Posted on 11/11/2013 2:26:04 AM PST by markomalley

I was recently asked by the Archdiocese of Washington to lead a workshop for catechists that focused on the catechetical teachings implicit in the funeral rites of the Church. At first, I was somewhat surprised at the request. It didn’t strike me as the first sort of topic that one might speak about when speaking to catechists.

But quickly, I warmed to the topic. I have long held that the way in which we conduct ourselves at funerals, in the manner of preaching and other visible attitudes, not only teaches poorly, but is often a countersign of biblical and Church teaching on death, judgment, heaven, and hell.

The rites themselves are not flawed (though the huge number of readings can bewilder and are not of equal value or helpfulness). Rather, a whole host of problems both sociological, and related to liturgical execution, create an environment that not only obscure Catholic teaching on death, but often outright contradicts it.

In this particular blog post, I would like to lay out what I think are some of the problematic issues that surround typical funerals today. And in tomorrow’s post I would like to lay out an outline of a typical funeral sermon I preach in which I seek to remedy some of the misunderstandings that are common today.

So for today here are some problematic issues and attitudes that tend to surround funerals. I do not say that every family or parish exhibits all these problems, only that these are common in various combinations and degrees.

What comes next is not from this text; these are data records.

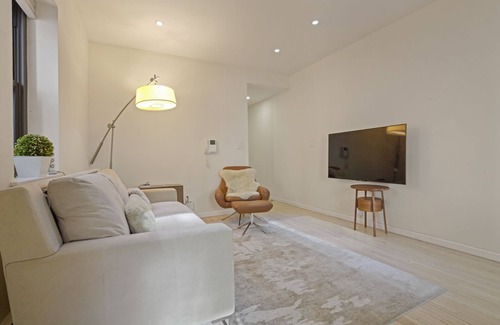 Midtown West Apartamento | Chic 1-bedroom with WiFi & AC in vibrant New York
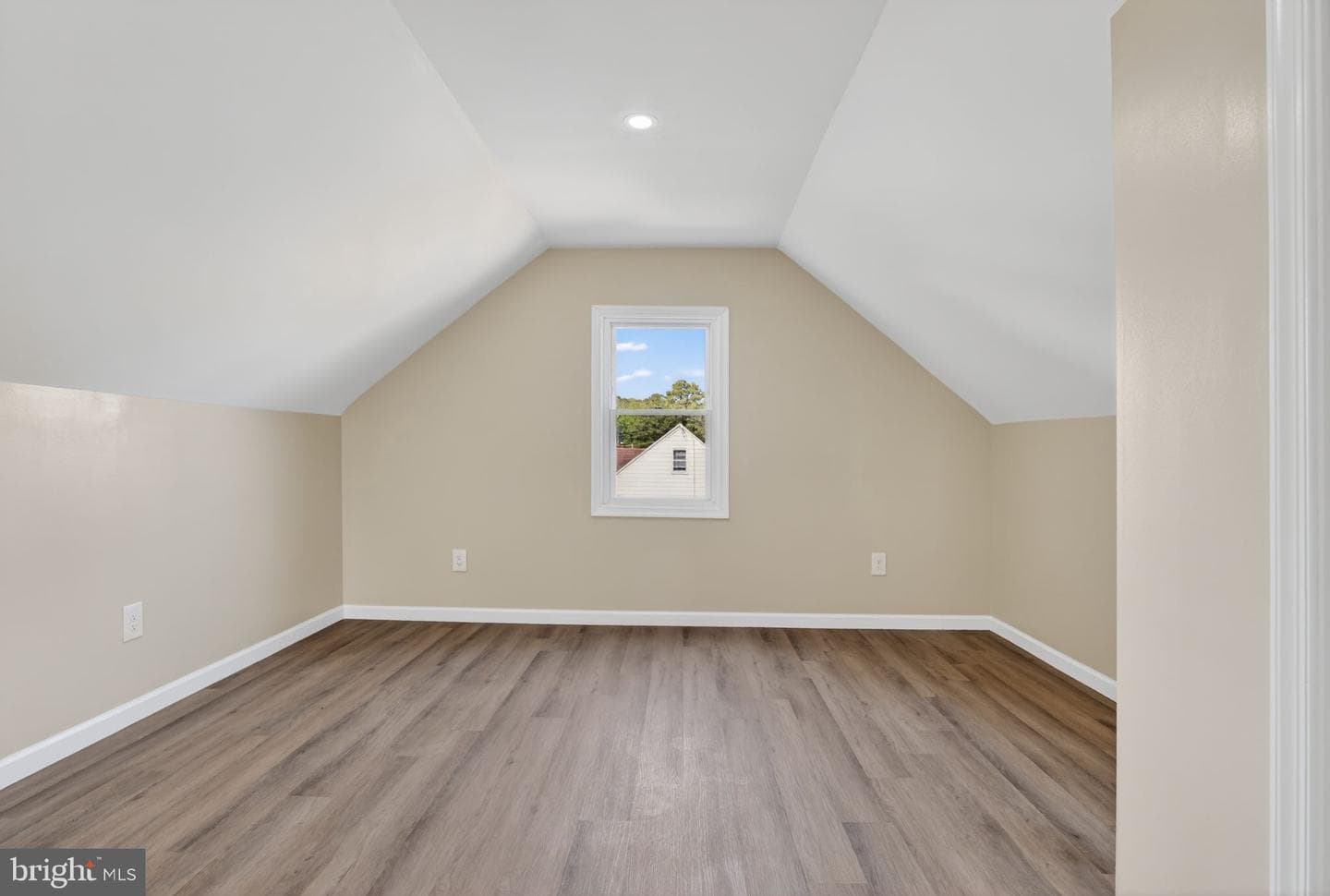 17 Somerset Avenue photo 23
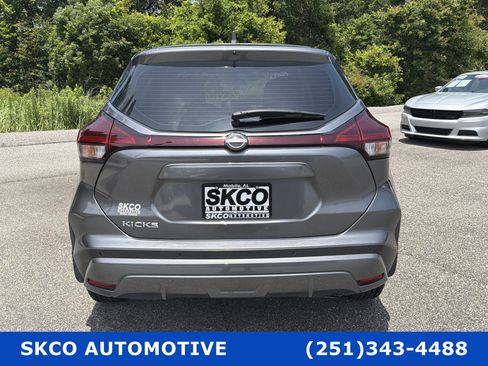 Used 2023 Nissan Kicks S FWD image 4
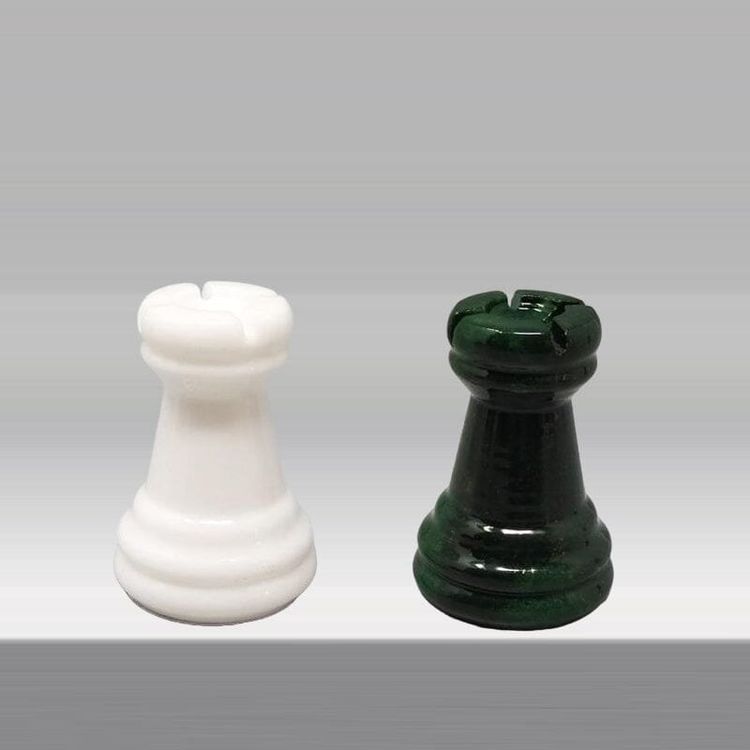 1970s Gorgeous Green and White Chess Set in Volterra Alabaster Handmade Made in Italy (Jeu d'échecs vert et blanc en albâtre de Volterra fait à la main)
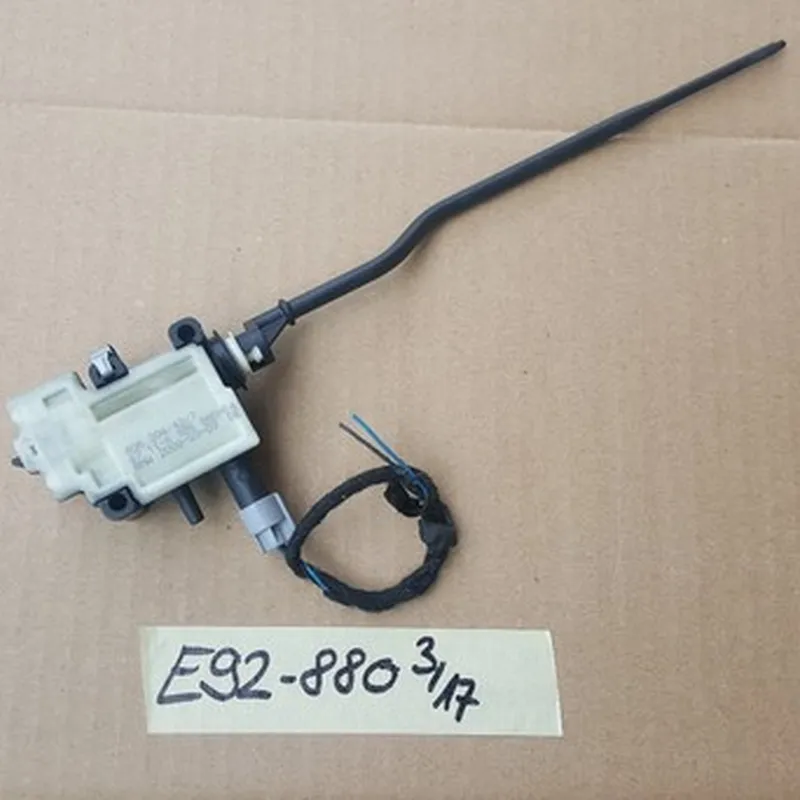 BMW E90 E91 E92 E93 ZV Stellantrieb Tank Deckel  Einfüllklappe 6985880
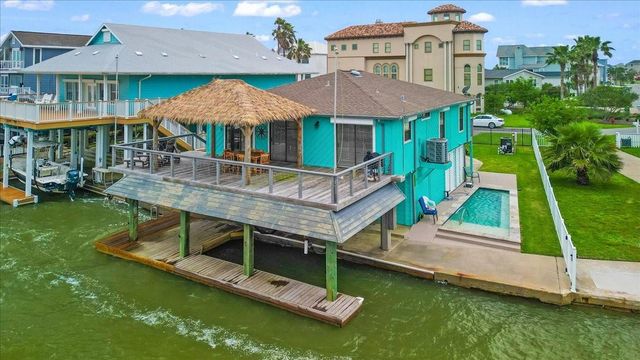1222 Oahu Drive, Galveston, TX 77554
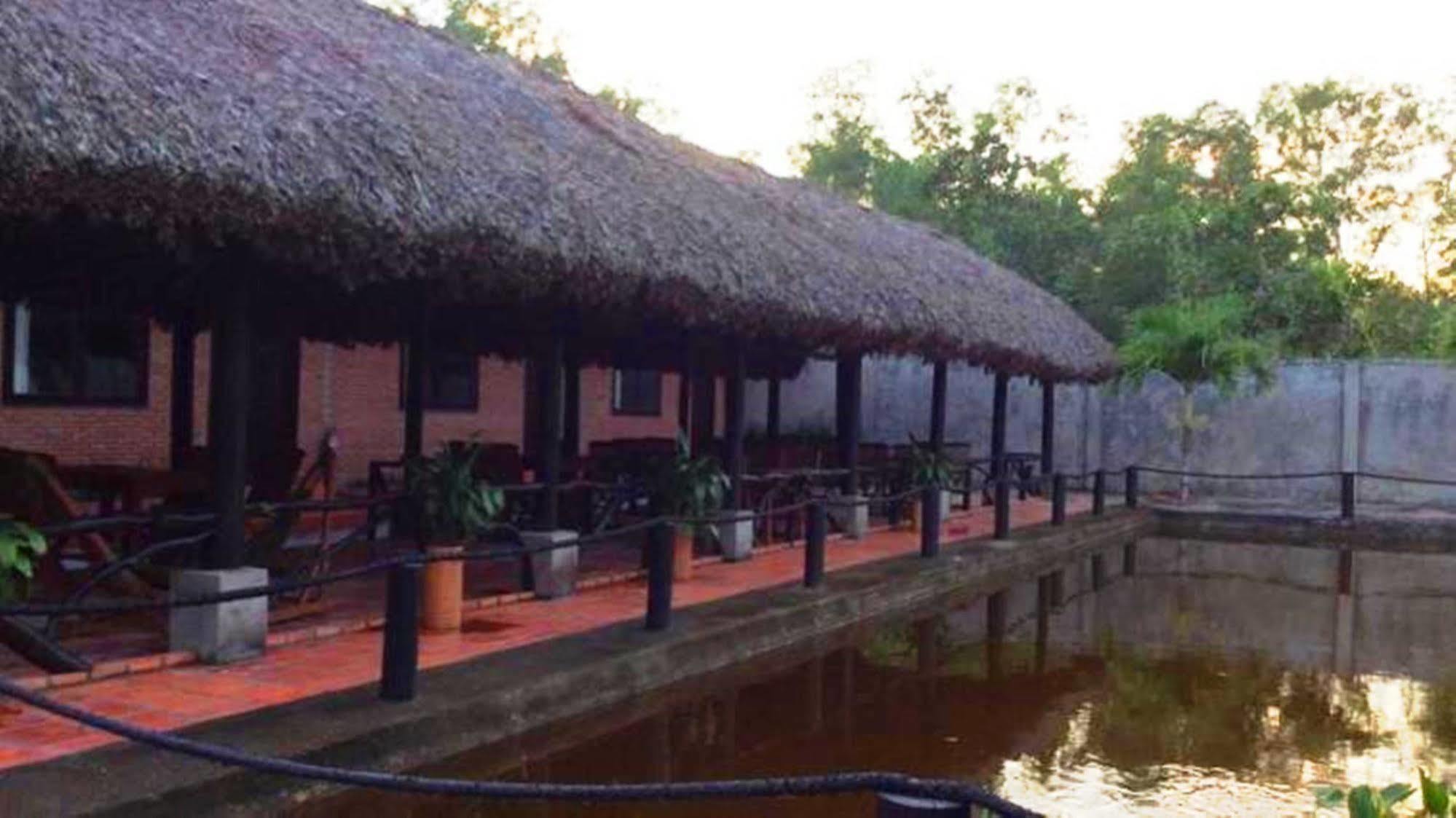 Huong Toan Resort Дуонг-Донг Экстерьер фото
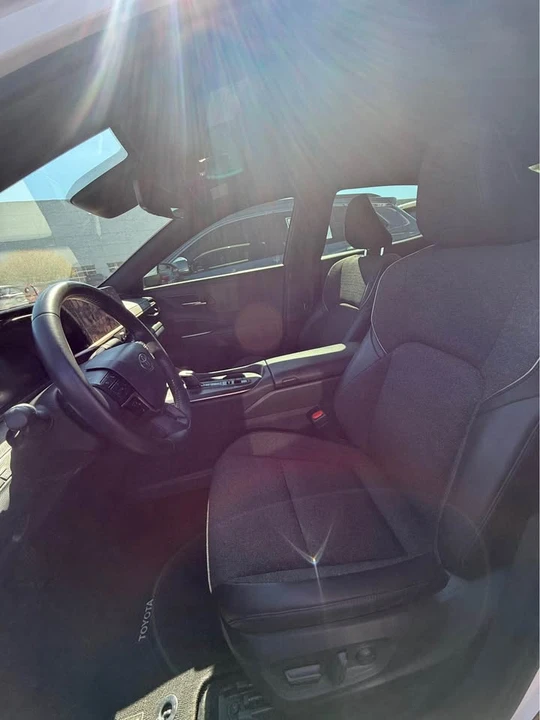 2023 Toyota Crown 16th Gen - Image 8 of 10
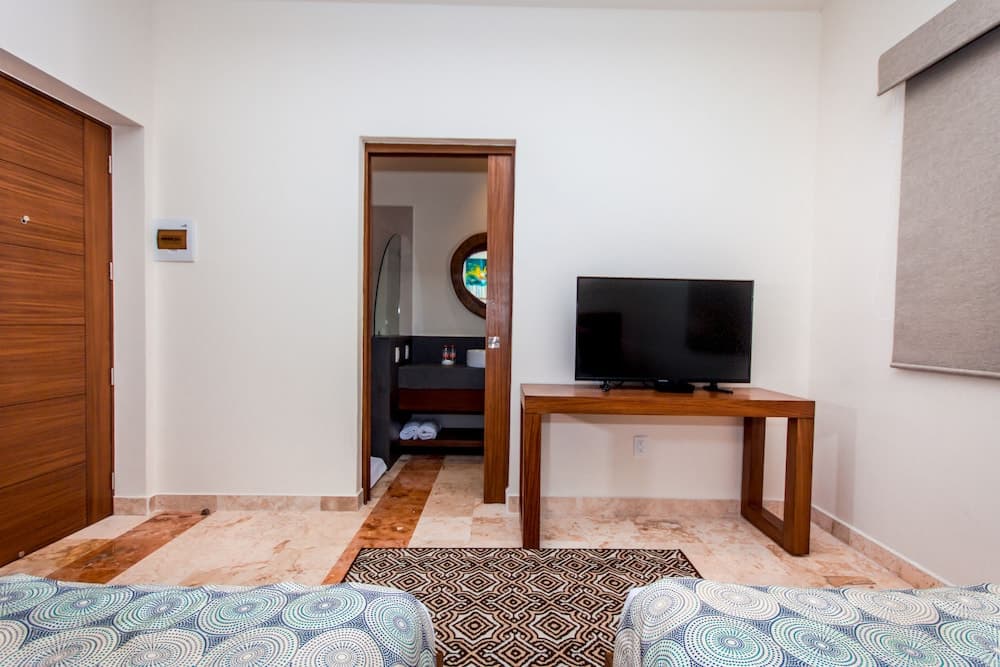 La Palma Beachfront Hotel & Club Nautico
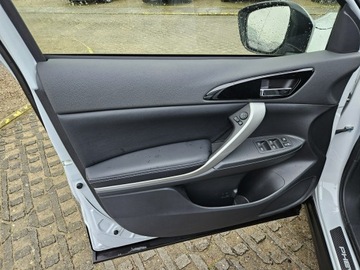 Mitsubishi Eclipse Cross SUV PHEV 2.4 188KM 2022 Mitsubishi Eclipse Cross PHEV 2.4 benzyna+ hybryda, zdjęcie 14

1. There is a basic confusion about the purpose of a funeral. Many people arrive at the parish to plan a funeral and their basic presumption is that the funeral is all about “Uncle Joe,” who he was, what he liked, etc. This then generates a whole series of, often inappropriate, requests. For example,

  1. Uncle Joe’s favorite song was “I did it my way.” Therefore we want a soloist to sing this song.
  2. Uncle Joe’s three favorite nieces want to say “a few words” about what a great uncle he was. Therefore we want them to be able to speak after communion.”
  3. Of course we all know what a great football fan Joe was, that he never missed a game, so we are going to have flowers in the team colors, want a football on a table near the altar,  and ask that a letter from the team’s front office be read in tribute after communion, and after the nieces.
  4. Also, Father, in your sermon please remember to mention Joe’s great concern for this cause, and that cause.
  5. And don’t forget to mention that he was a founding member here at St Esmerelda and the president of the Men’s club.

Well, you get the point. But of course none of this is the real purpose of a funeral at all. Like any celebration of the Sacred Liturgy, the essential purpose of the funeral is the worship of God, the proclamation of the Gospel, and the celebration of the paschal mystery. Secondarily, the Mass is offered for the repose of the soul the deceased and should invite prayer for the judgment they face, and for their ultimate and happy repose after any necessary purification.

The sacred liturgy exists to glorify God, not man, to praise the Lord, not Uncle Joe. No matter how great a guy Uncle Joe was, he doesn’t stand a chance if not for Jesus, and lots of grace and mercy. Joe needs prayer more than praise, and whatever gifts he did have, were from God. God should be thanked and praised for them.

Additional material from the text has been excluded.